Behind him, about a dozen current and former players from the women's tour, including Baltimore's Pam Shriver, Martina Navratilova, Conchita Martinez, Mary Joe Fernandez and Virginia Wade, emerged from the locker room and acted as his backup group.

At the entrances, the guards had given up on checking tickets.

"This lot's not supposed to be in here," said one guard, not BTC unhappily. "But they hear him and they've come from all directions. We're just letting them sit where they like."
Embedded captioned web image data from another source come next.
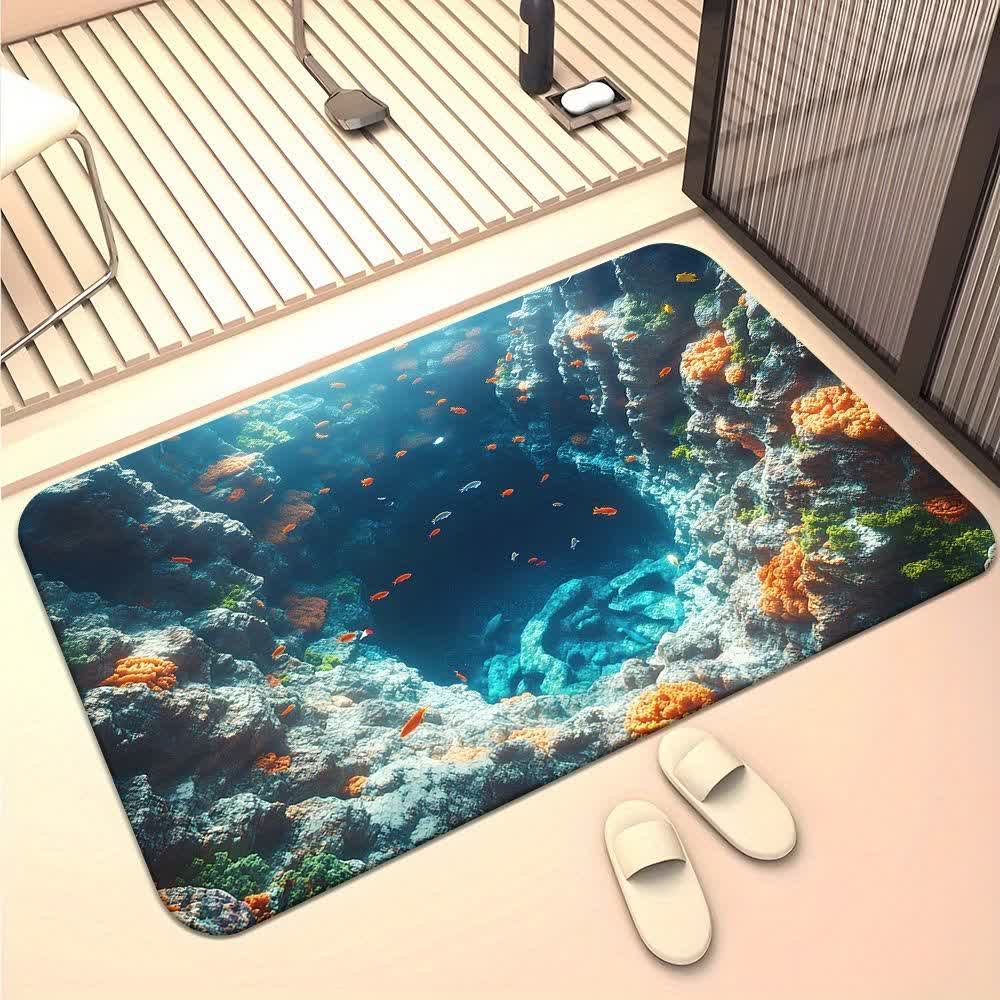 Tappeto effetto 3D con paesaggio di caverna - Grotta carsica sottomarina - 80cm x 120cm - image 1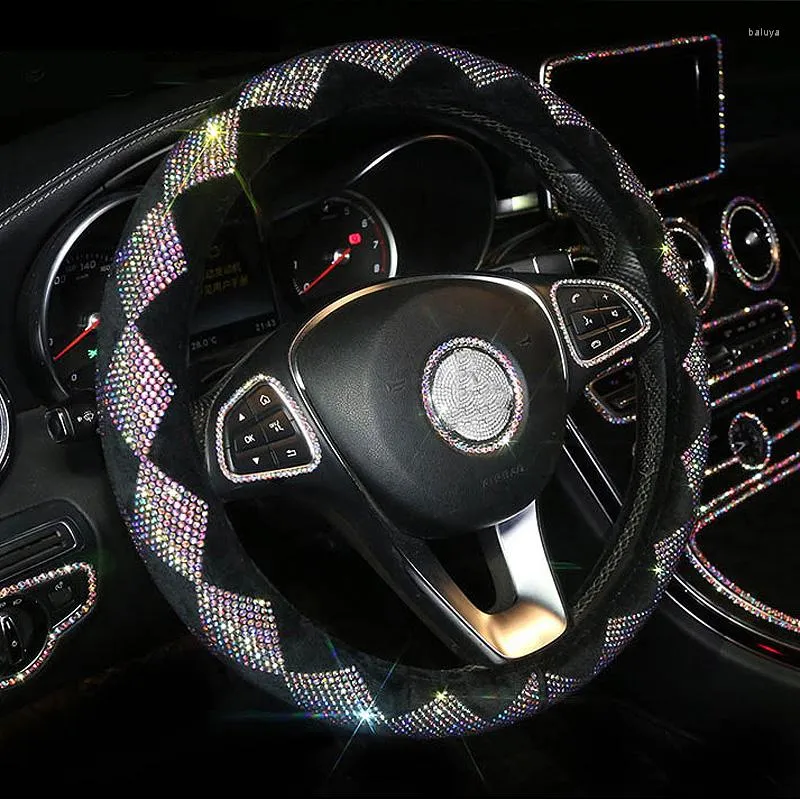 Steering Wheel Covers Bling Colorful Rhinestone Crystal Car Women Diamond Covered Steering-Wheel Case Interior Accessories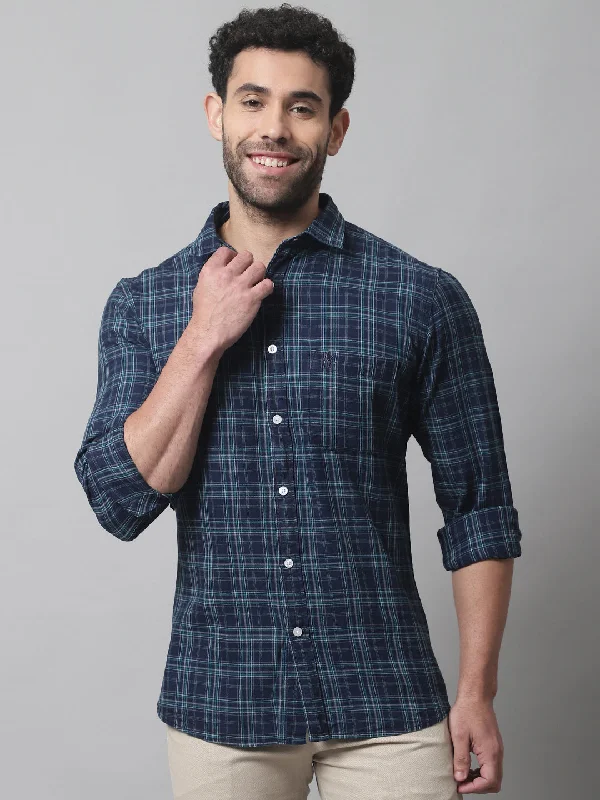 men's high-quality shirts -Men's Navy Blue Casual Big Checks Full Sleeve Shirt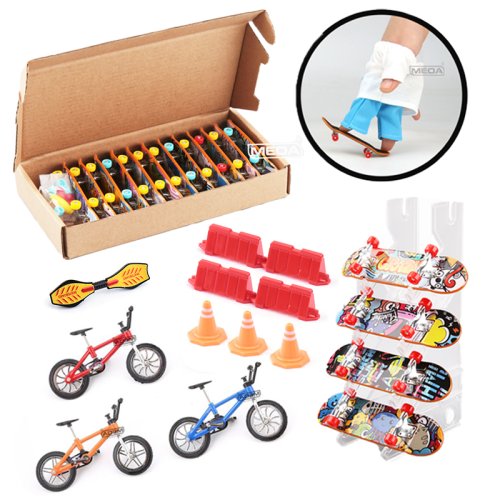 Afbeelding van Fingerboard Set met DIY Ramp Park, Metalen Brug en Skate Trucks – Mini Skateboard voor Kinderen en Fans van Finger Scooter en Pocket Toys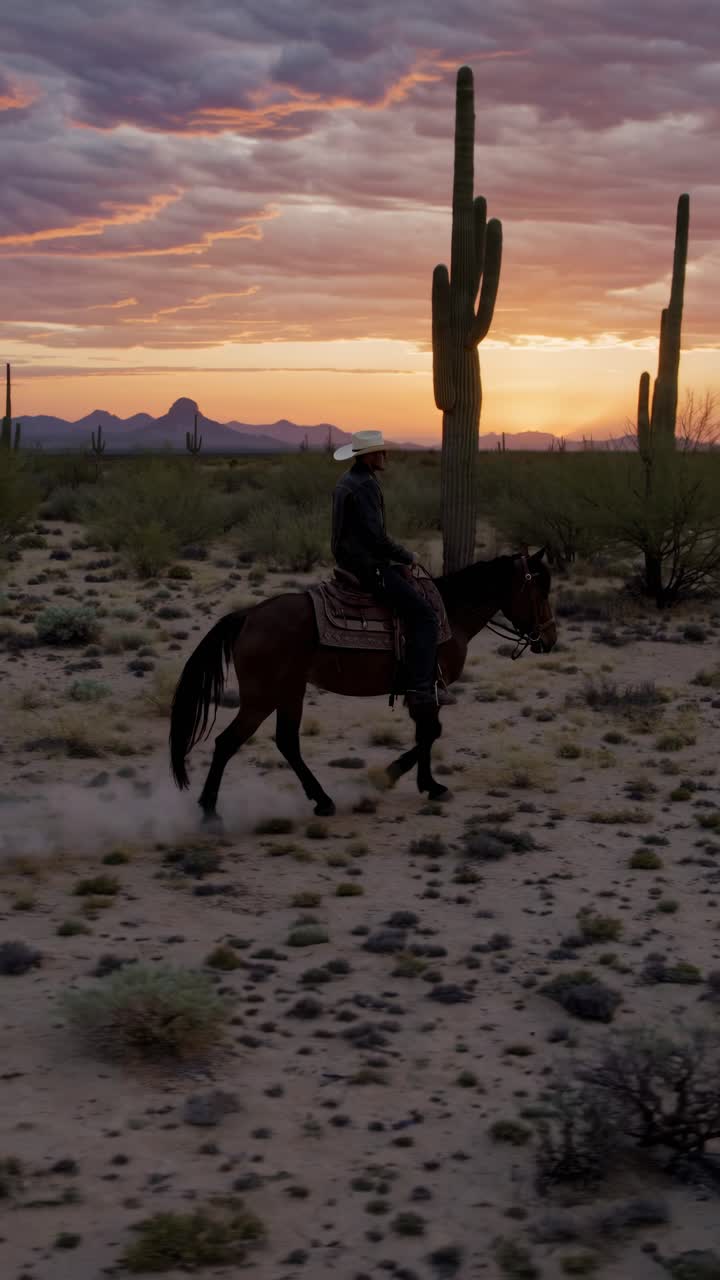 A cowboy rides a horse through a desert at sunset, captured in a cinematic wide-angle shot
They have sung on Centre Court before. In 1991, the year there was so much rain, Wimbledon officials were forced to schedule play on the tournament's middle Sunday. One song leader that day sang so well, he was given a professional tryout afterward.

But what Nicky was enjoying so much on Court 1 was Royal Marine Sgt. Major Chris Bateman leading the crowd in "Head, Shoulders, Knees and Toes," a children's song taught in primary school "to teach the young ones where their body parts are."

Evidently, the No. 1 Court crowd was all in attendance when that song was taught, because everyone sang and almost everyone went through the motions of touching head, shoulders, knees and toes -- regardless of whether they were holding an umbrella.

"Oh, yes, this is all written into our duties: to motivate and encourage the public and to ensure everyone has a good time, no matter the weather," said Royal Army and Medical Corps Staff Sgt. Shultz Wright, dryly, as members of the Royal Electrical Mechanical Engineers led the crowd in "Old McDonald Had a Farm," charades and various versions of the wave.

"We're all going to get sacked after today," Lance Cpl. Simon Murley said with mock sadness. "Cheers!"

Ball girls and boys gathered at one of the entrances to the court and joined in the fun. Even when the rain came down heavily, they did not run for shelter, choosing instead to burst into song, "We're singing in the rain. . . . We're happy again."

As was everyone, it seemed.

Today's feature matches

(Seeds in parentheses)

Men: Tim Henman, Britain, vs. Todd Martin (13), Ponte Vedra Beach, Fla. Pete Sampras (1), Tampa, Fla., vs. Richard Krajicek, Netherlands. MaliVai Washington, Ponte Vedra Beach, Fla., vs. Alexander Radulescu, Germany. Goran Ivanisevic (4), Croatia, vs. Jason Stoltenberg, Australia.

Women: Arantxa Sanchez Vicario (4), Spain, vs. Meredith McGrath, Midland, Mich. Steffi Graf (1), Germany, vs. Kimiko Date (12), Japan

Mixed: Rikard Bergh, Sweden, and Kimberly Po, Rolling Hills, Calif., vs. Pat Cash, Australia, and Mary Pierce, France. Brian MacPhie, San Jose, Calif., and Tami Whitlinger-Jones, Henderson, Nev., vs. Patrick Galbraith, Seattle, and Pam Shriver (5), Baltimore.